This can be wonderful if:

  • You hate managing licenses.
  • The upgrade treadmill gets you down.
  • You’re cool with fixed costs and realize you can either pay the vendor once a year for the next version or the same amount of money over the course of a year for the SaaS model.
  • You don’t use an expensive solution very much, but would be in the market for a solution you can spend a small amount on for what you do need. Like, you’re not going to spend $25000 for CAD software, but if I could pay $25 to use it for a few hours, you’d be able to design that thing you want to build for your hobby.

But it can suck if you want to pay for something once and own it, or if the SaaS vendor goes out of business or decides to stop providing the service, or if for some reason you prefer to remain on a certain version of a product that meets your needs well enough, such that you have no compelling need to upgrade, or if the SaaS vendor’s upgrades take the product in a direction that doesn’t suit your needs.

Cloud computing

Cloud Computing is an architecture. A distributed cluster of redundant, co-located, and load balanced hardware, typically spanning multiple datacenters, which is used to run virtual machines which are not dedicated to specific hardware. The amorphous nature which decouples virtual machines from any specific node in the cluster is what gives rise to the term “cloud” computing.

“The cloud” may often be used as a generic term for “the internet” because on networking diagrams, the internet is symbolized that way, because the specific architecture of the internet is unknown and not really of concern to you. But just because something is on the internet does not mean it is “cloud computing”.

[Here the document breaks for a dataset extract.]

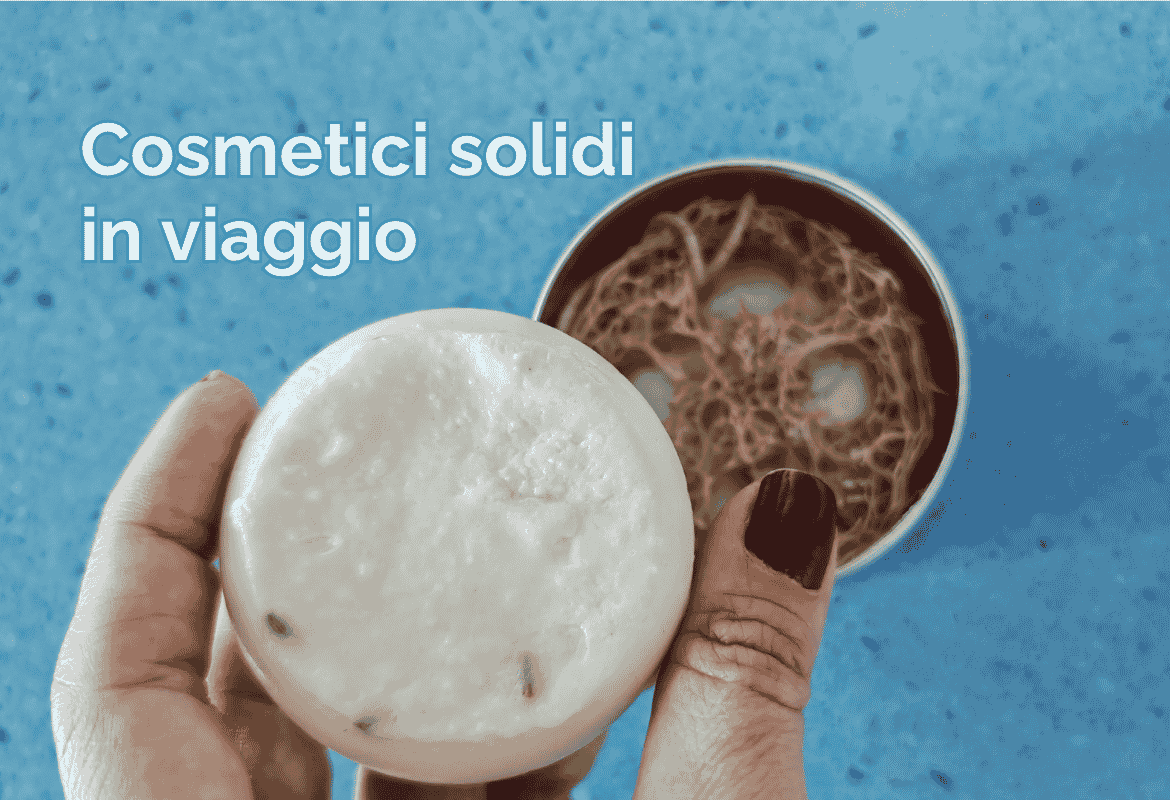 cosmetici solidi viaggio prodotti solidi da viaggio viaggi in famiglia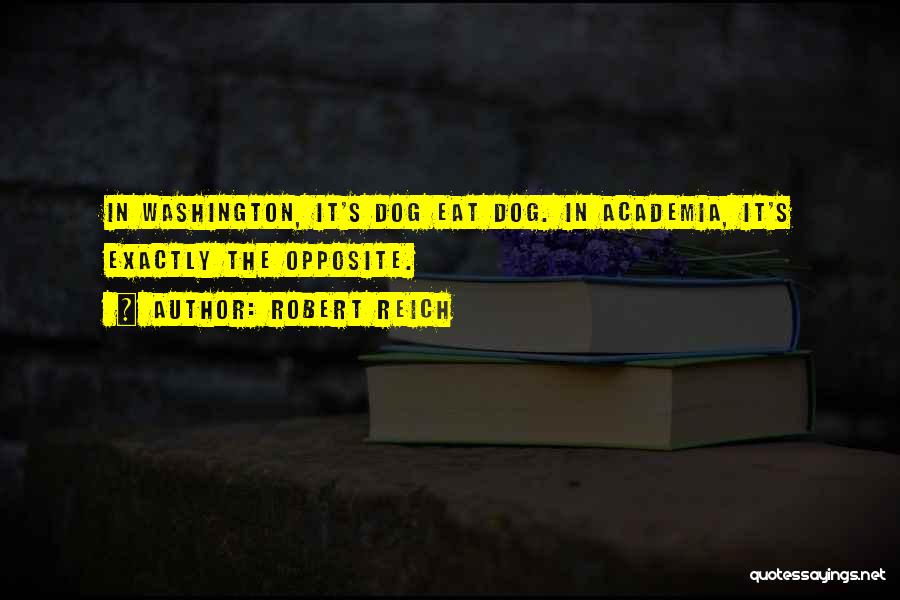 Robert Reich Quotes: In Washington, It's Dog Eat Dog. In Academia, It's Exactly The Opposite.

The cloud computing cluster’s capacity is typically shared among many customers. Due to the nature of the cluster, it is possible to scale a customer’s utilization of the cloud very rapidly, growing a virtual machine from a single node on the cluster to several or many. Conversely, the cloud may idle portions of the cluster when demand is low, resulting in great efficiency and flexibility. If a node in the cluster goes offline or experiences hardware failure, the cloud continues chugging along and only the admins will even notice that anything happened.

Cloud computing is also typically vendor hosted, since it requires specialized professionals to set up and maintain the cluster. Very few entities are in need of owning their own cloud, and will buy cloud computing in the SaaS model from a vendor who hosts it. You can pay for a tiny portion of the cloud, and as you grow you can expand your footprint on the cloud, paying more for it but generally not having to deal with many of the usual headache associated with scaling up a rapidly growing enterprise.

This can be wonderful if you can live with not owning your hardware and are comfortable with the idea that your data and processing could be “anywhere” in the cloud, co-mingling with other virtualized instances running on the same node(s) in the cluster.

But it can suck if your vendor decides they don’t need you or gets a request for your data from the government and just rolls over and complies with the request, rather than fighting it like *your* legal team would.

Bottom line

Any time you put your data or services in the hands of someone else, you really are putting a tremendous amount of trust in them. You need to consider not just the benefits of the relationship, but the risks as well.

Outsourcing is attractive because it’s expensive and difficult to do well, and if it’s not the core competency of your business to do enterprise IT, it may make sense to have someone else do it who has that expertise. But you need to make sure that your vendor actually does have that expertise!

The pre-sales people will promise you the moon, but you need to be able to verify that they can back those promises up. One of the great selling points is that you don’t have to worry about all the complexity of maintaining IT infrastructure anymore. But it’s not like that responsibility disappears into nothing — it’s the vendor’s responsibility, and you now need to worry if they’re doing it right. If you’re paying someone else to do it right because you don’t know how to do it right, and you’re trusting them to do it better, or cheaper, than you could, how do you do so with confidence that they’re really that good?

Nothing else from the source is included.